A Combined Antijamming and Antispoofing Algorithm for GPS Arrays
Abstract
The Global Positioning System (GPS), with its accurate positioning and timing information, has become a commonly used navigation instrument for many applications. However, it is susceptible to intentional interference such as jamming and spoofing. The conventional antijamming GPS receiver fails to work in a combined jamming and spoofing attack scenario. To solve the problem, a combined antijamming and antispoofing algorithm for a GPS receiver based on an antenna array is proposed. In this method, the jamming is eliminated by subspace projection, and then a compressed sensing framework is adopted to obtain the direction of arrival (DOA) of the despreading satellite navigation signal and detect the spoofing signal.

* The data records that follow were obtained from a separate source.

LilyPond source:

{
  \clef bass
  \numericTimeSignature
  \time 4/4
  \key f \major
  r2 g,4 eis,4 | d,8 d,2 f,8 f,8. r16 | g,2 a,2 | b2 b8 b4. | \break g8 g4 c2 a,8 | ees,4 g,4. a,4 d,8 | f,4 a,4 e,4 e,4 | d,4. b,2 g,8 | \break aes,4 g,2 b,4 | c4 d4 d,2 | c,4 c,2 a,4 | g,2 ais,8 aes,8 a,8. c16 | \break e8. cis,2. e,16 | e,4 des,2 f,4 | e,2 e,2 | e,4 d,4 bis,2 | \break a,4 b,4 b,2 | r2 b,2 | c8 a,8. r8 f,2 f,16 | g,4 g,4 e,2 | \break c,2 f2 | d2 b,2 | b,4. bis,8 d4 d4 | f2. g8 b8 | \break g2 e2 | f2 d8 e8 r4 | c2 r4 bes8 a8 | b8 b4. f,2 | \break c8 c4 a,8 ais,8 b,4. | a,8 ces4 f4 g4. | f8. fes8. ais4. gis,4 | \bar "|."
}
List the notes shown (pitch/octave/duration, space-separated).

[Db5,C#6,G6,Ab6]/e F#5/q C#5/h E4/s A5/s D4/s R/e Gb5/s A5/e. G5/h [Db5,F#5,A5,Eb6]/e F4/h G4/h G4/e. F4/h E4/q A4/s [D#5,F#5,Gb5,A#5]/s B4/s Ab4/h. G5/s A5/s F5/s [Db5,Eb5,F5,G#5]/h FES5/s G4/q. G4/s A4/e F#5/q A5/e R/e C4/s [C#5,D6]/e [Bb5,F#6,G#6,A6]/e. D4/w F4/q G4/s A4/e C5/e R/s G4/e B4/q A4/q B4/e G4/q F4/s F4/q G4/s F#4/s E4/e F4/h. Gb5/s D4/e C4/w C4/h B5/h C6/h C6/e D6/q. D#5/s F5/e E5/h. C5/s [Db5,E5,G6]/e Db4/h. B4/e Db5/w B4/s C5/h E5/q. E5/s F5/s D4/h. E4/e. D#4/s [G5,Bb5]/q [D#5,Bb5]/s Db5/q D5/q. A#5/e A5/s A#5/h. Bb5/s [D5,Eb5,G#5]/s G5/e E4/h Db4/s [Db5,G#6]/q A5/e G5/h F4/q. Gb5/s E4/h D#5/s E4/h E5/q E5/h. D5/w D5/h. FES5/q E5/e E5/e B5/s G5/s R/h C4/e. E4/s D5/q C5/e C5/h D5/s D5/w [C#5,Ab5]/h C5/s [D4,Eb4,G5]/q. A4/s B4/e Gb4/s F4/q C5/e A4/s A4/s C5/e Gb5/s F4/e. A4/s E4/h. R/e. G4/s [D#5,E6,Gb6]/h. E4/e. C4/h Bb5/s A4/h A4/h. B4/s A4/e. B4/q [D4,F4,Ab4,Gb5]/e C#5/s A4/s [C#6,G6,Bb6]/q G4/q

According to the DOA of the authentic and spoofing signals, the receiver uses adaptive multibeamforming to concurrently achieve the undistorted reception of the authentic satellite signal and the suppression of the spoofing. We analyse three aspects of algorithmic performance: the antenna array direction diagram, the spoofing detection and the acquisition results. The simulation results and their analysis preliminarily show that the proposed method can detect and suppress GPS jamming and spoofing effectively.
1. Introduction
The Global Navigation Satellite System (GNSS) is widely used in modern military and civil navigation and positioning systems. However, the satellite signal power at the ground is very low (approximately 130 dBm), which makes it vulnerable to interference. Research on satellite navigation system interference suppression technology has important practical application value. GNSS interference can be divided into jamming and spoofing. Jamming can block the receiver by transmitting strong interference so that the useful GNSS signal cannot be detected and acquired normally. A jammer with a power of 1 W can disable the civil Global Positioning System (GPS) within 25 kilometres [1]. On the other hand, spoofing cheats the receiver by sending fake signals similar to authentic signal parameters and results in incorrect location or time information. In 2013, Todd Humpherys from the University of Texas demonstrated that the use of a civilian spoofer can control and dominate the movement path of a UAV [2] and a deluxe yacht [3]. Baziar designed a novel GPS spoofing generation method based on a combination of authentic and delayed signals, without expensive hardware equipment and reduced the cost and complexity of spoofing implementation [4].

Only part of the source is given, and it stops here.